Syaikh bin Baz mengatakan [Majalah
Al-Balagh, edisi 1028 Fatwa Ibnu Baz] :
Berpoligami itu hukumnya sunnah bagi
yang mampu, karena firmanNya “Dan jika kamu takut tidak akan dapat berlaku
adil terhadap (hak-hak) perempuan yatim (bilama kamu mengawininya), maka
kawinilah wanita-wanita (lain) yang kamu senangi ; dua, tiga atau empat.
Kemudian jika kamu takut tidak akan dapat berlaku adil, maka (kawinilah)
seorang saja, atau budak-budak yang kamu miliki. Yang demikian itu adalah lebih
dekat kepada tidak berbuat aniaya” [An-Nisa : 3]
Dan praktek Rasulullah Shallallahu
‘alaihi wa sallam itu sendiri, dimana beliau mengawini sembilan wanita dan
dengan mereka Allah memberikan manfaat besar bagi ummat ini.
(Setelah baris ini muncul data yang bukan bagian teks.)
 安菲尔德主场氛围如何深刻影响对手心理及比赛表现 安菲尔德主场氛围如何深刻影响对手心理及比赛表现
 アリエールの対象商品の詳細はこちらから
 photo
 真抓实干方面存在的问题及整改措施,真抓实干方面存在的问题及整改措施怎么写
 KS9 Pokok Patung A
Yang demikian itu
(sembilan istri) adalah khusus bagi beliau, sedang selain beliau dibolehkan
berpoligami tidak lebih dari empat istri. Berpoligami itu mengandung banyak
maslahat yang sangat besar bagi kaum laki-laki, kaum wanita dan Ummat Islam
secara keseluruhan. Sebab, dengan berpoligami dapat dicapai oleh semua pihak,
tunduknya pandangan (ghaddul bashar), terpeliharanya kehormatan, keturunan yang
banyak, lelaki dapat berbuat banyak untuk kemaslahatan dan kebaikan para istri
dan melindungi mereka dari berbagai faktor penyebab keburukan dan penyimpangan.
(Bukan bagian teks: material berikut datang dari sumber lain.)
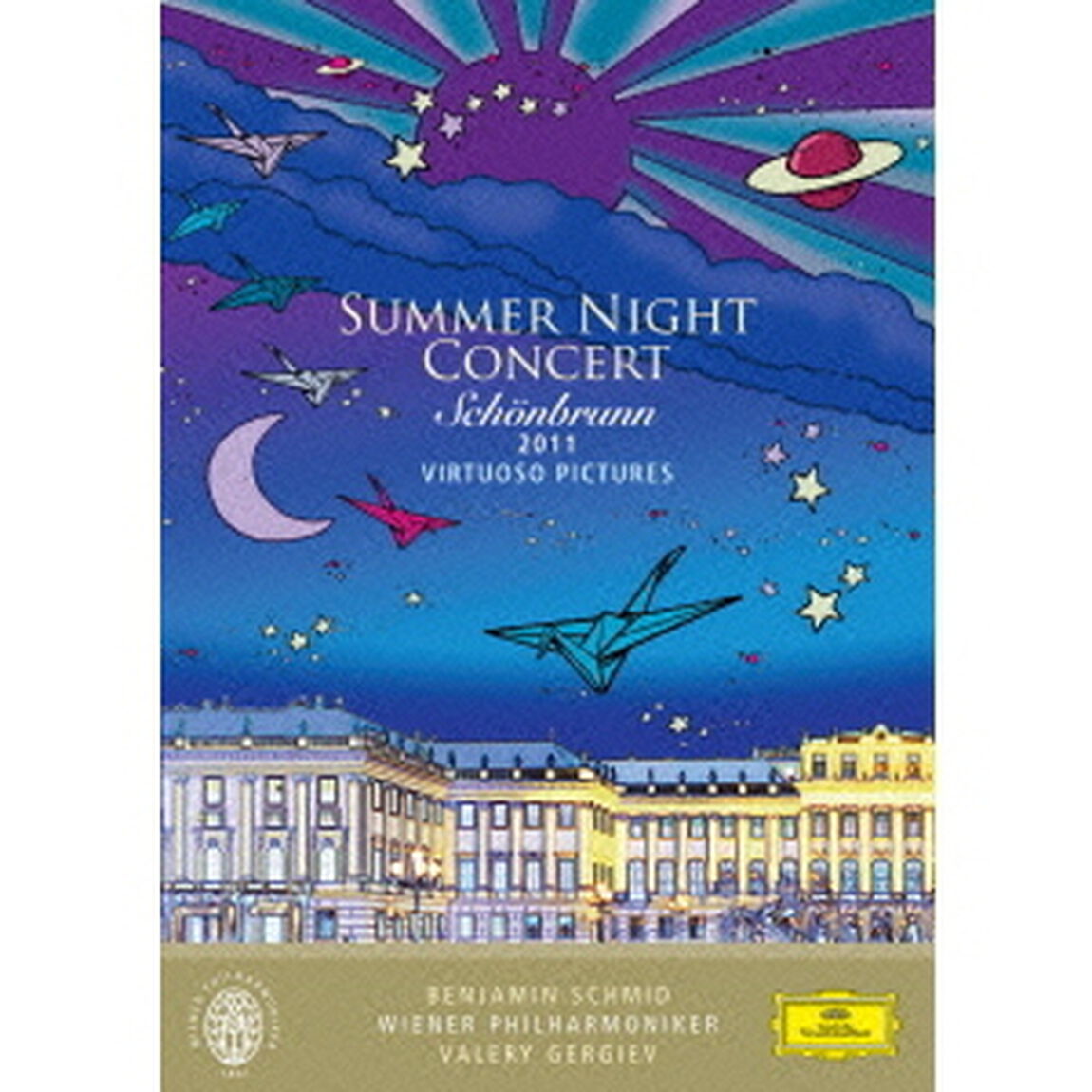 シェーンブルン宮殿　夏の夜のコンサート2011　≪ヴィルトゥオーソの肖像≫（ＤＶＤ）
Tetapi orang yang tidak mampu
berpoligami dan takut kalau tidak dapat berlaku adil, maka hendaknya cukup
kawin dengan satu istri saja, karena Allah berfirman “Kemudian jika kamu takut
tidak akan dapat berlaku adil, maka (kawinilah) seorang saja”. [An-Nisa : 3]
TAFSIR AYAT POLIGAMI
“Kemudian jika kamu takut tidak
akan dapat berlaku adil, maka (kawinilah) seorang saja” [An-Nisa : 3]
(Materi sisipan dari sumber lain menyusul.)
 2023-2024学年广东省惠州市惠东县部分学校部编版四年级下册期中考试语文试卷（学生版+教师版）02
Dan dalam ayat yang lain Allah
Subhanahu wa Ta’ala berfirman “Dan kamu sekali-kali tidak akan dapat berlaku
adil di antara istri-istri (mu) walaupun kamu sangat ingin berbuat demikian”
[An-Nisa : 129]
Dalam ayat yang pertama disyaratkan
adil tetapi dalam ayat yang kedua ditegaskan bahwa untuk bersikap adail itu
tidak mungkin. Apakah ayat yang pertama dinasakh (dihapus hukumnya) oleh ayat
yang kedua yang berarti tidak boleh menikah kecuali hanya satu saja, sebab
sikap adil tidak mungkin diwujudkan ?
Mengenai hal ini, Syaikh bin Baz mengatakan
[Fatawa Mar'ah. 2/62] :
Dalam dua ayat tersebut tidak ada
pertentangan dan ayat yang pertama tidak dinasakh oleh ayat yang kedua, akan
tetapi yang dituntut dari sikap adil adalah adil di dalam membagi giliran dan
nafkah. Adapun sikap adil dalam kasih sayang dan kecenderungan hati kepada para
istri itu di luar kemampuan manusia, inilah yang dimaksud dengan firman Allah
Subhanahu wa Ta’ala “Dan kamu sekali-kali tidak akan dapat berlaku adil di
antara istri-istri (mu) walaupun kamu sangat ingin berbuat demikian”
[An-Nisa : 129]
Oleh sebab itu ada sebuah hadits
dari Aisyah Radhiallahu ‘anha bahwasanya Rasulullah Shallallahu ‘alaihi wa
sallam telah membagi giliran di antara para istrinya secara adil, lalu mengadu
kepada Allah Subhanahu wa Ta’ala dalam do’a: “Ya Allah inilah pembagian giliran
yang mampu aku penuhi dan janganlah Engkau mencela apa yang tidak mampu aku
lakukan” [Hadits Riwayat Abu Daud, Tirmidzi, Nasa'i, Ibnu Majah dan
dishahihkan oleh Ibnu Hibban dan Hakim]
KERIDHAAN ISTRI TIDAK MENJADI SYARAT
DI DALAM PERNIKAHAN KEDUA
Syaikh bin Baz mengatakan [Fatwa
Ibnu Baz : Majalah Al-Arabiyah, edisi 168] :
Jika realitasnya kita sanggup untuk
menikah lagi, maka boleh kita menikah lagi untuk yang kedua, ketiga dan
keempat sesuai dengan kemampuan dan kebutuhan anda untuk menjaga kesucian
kehormatan dan pandangan mata anda, jikalau anda memang mampu untuk berlaku
adil, sebagai pengamalan atas firman Allah Subhanahu wa Ta’ala “Dan jika
kamu takut tidak akan dapat berlaku adil terhadap (hak-hak) perempuan yatim
(bilama kamu mengawininya), maka kawinilah wanita-wanita (lain) yang kamu
senangi ; dua, tiga atau empat. Kemudian jika kamu takut tidak akan dapat
berlaku adil, maka (kawinilah) seorang saja” [An-Nisa : 3]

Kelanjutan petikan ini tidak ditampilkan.